Между тем, холодный и медленный рассвет поднимался над Землёй. Не изменяя своей прежней тактике, они решили начать движение ночью. Весь день они наблюдали за врагом. Они примечали всё, что могло помочь им ночью: и дымки костров, и маршруты часовых, и как они реагировали на редких нарушителей – на другие партизанские группы, наткнувшихся на фашистов, и какова была тактика врага в ведении этих заградительных боёв. Этот последний день блокады, казалось, не имеет конца. Наконец, на западе, появился бледный румянец в небесах и длинные тени сумерек стали сгущаться. Иван Иванович прошептал маме, что они начнут движение не раньше двух часов ночи, через час после смены часовых. Они оба отметили, что бог на их стороне – луны на небе не было и впервые за столько дней было просто холодно, но мороз не трещал. Всегда, когда мама приближалась к этой части рассказа, она проскакивала через этот эпизод, и я до сих пор не знаю, как им удалось прошмыгнуть мимо часовых, через все три кольца блокады. Но судя по факту моего существования, они это сделали вполне успешно... Меня всегда волновала судьба маминого «вальтера», но она меня успокаивала, что Иван Иванович вернул ей оружие и долго-долго благодарил её за то, что она помогла ему в минуту его слабости и поверила в него.
Фриц Пауль Шменкель (Иван Иванович)
|
Много позже, я нашёл статистику этих боёв: с 4 до 16 февраля 1943 года во время блокады Ваденских» лесов только Первая Ваденская бригада потеряла погибшими и пропавшими без вести 42 процента личного состава. После воссоединения мамы и Иван Ивановича со своими в Варваринских лесах они разошлись по своим отрядам, и больше мама никогда не встречалась с ним. А в конце марта 1943 года регулярные части Советской Армии воссоединились с партизанскими бригадами и на этом закончился для мамы её боевой путь.

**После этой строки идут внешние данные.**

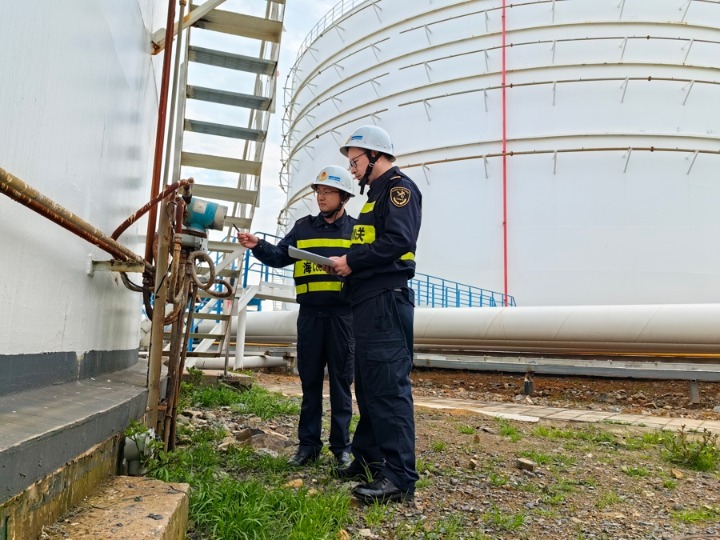 洋山海关关员开展油气监管,吴坤飞摄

Много-много лет позже, кажется, это было в 1964 году, все центральные газеты, после публикации Указа Президиума Верховного Совета СССР о присуждении звания Героя Советского Союза гражданину Германии Фрицу Шменкелю посмертно, начали печатать статьи об этом человеке. Моему удивлению не было конца, когда я узнал в нем героя моих детских дней Ивана Ивановича. Оказалось, что после того, как линия фронта подвинулась на запад от Смоленщины, Иван Ивановича, или Фрица Шменкеля (я нашёл документальные подтверждения, что это одно лицо) привлекли на службу в Советскую Армию. Я не знаю, какие ещё секретные задания он выполнял, но в 1944 году он был пойман гитлеровцами, осуждён и повешен в Минске, где в память о нём установлена мемориальная доска.